I find pulsing the sticking valve tends to free it up.


----------



## Beitz DUB (Sep 22, 2008)

Yes I a post about draining the system because it was sticking, so that was the first thing I did too and pulsing helped it finally come up. That was the last time I aired down before taking it apart. I dont like to put off problems
Accuair mentioned they would send new poppets if I continued to experience the sticking. 


mdubcajka12 said:


> good tip.
> 
> my question. where did you get those elbows and connections for your dakota digital senders to connect them to your VU4?

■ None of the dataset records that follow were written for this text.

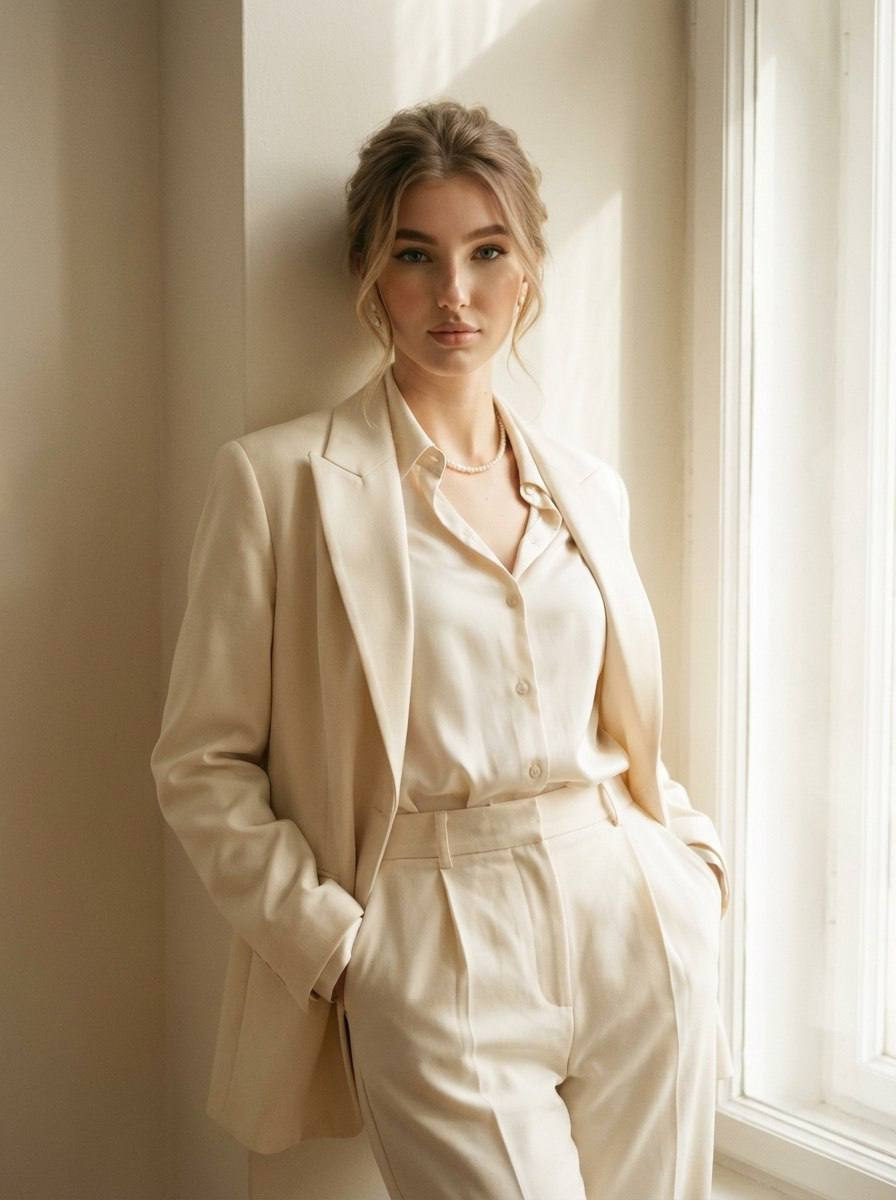 Soft Film Luxury Portrait Vintage Fashion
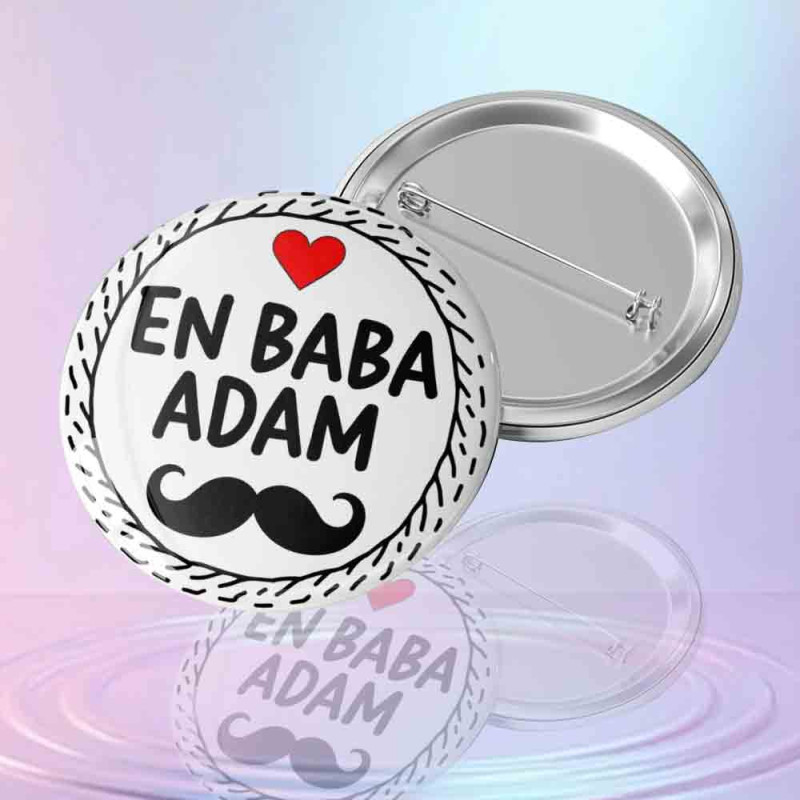 En Baba Adam Rozeti - Komik Hediye ve Aksesuar en-baba-adam-rozeti-komik-odul-aksesuar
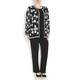 BEIGE label black sequinned and embroidered silk JACKET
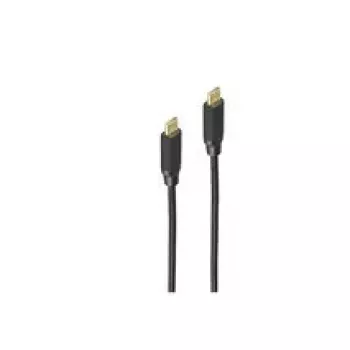 USB-Kabel ShiverPeaks BS20-70035 2 m USB 3.2 Gen 2 USB-C Schwarz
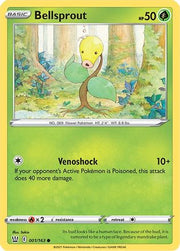 Bellsprout 001/163  - Reverse Holofoil SWSH05 Battle Styles - Common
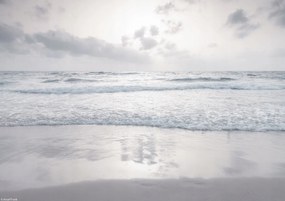 Poszter 29,7x21cm Csendes tengerpart felhőkkel, Assaf Frank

Theyre NPT elbows from Lowes


----------



## abydielsgli (May 8, 2003)

same thing has happened to me but only in cold temperatures. ive just let it warm up a lil and go on with my day


----------



## blue bags (Jul 1, 2009)

abydielsgli said:


> same thing has happened to me but only in cold temperatures. ive just let it warm up a lil and go on with my day


throw a cap full of air brake anti-freeze in the tank and that wont happen anymore. really sucks when your late for work and its below freezing if you havent done this haha


----------



## abydielsgli (May 8, 2003)

blue bags said:


> throw a cap full of air brake anti-freeze in the tank and that wont happen anymore. really sucks when your late for work and its below freezing if you havent done this haha


ya thats what i did.

its always the days that we're in a rush that we hate our cars:laugh:


----------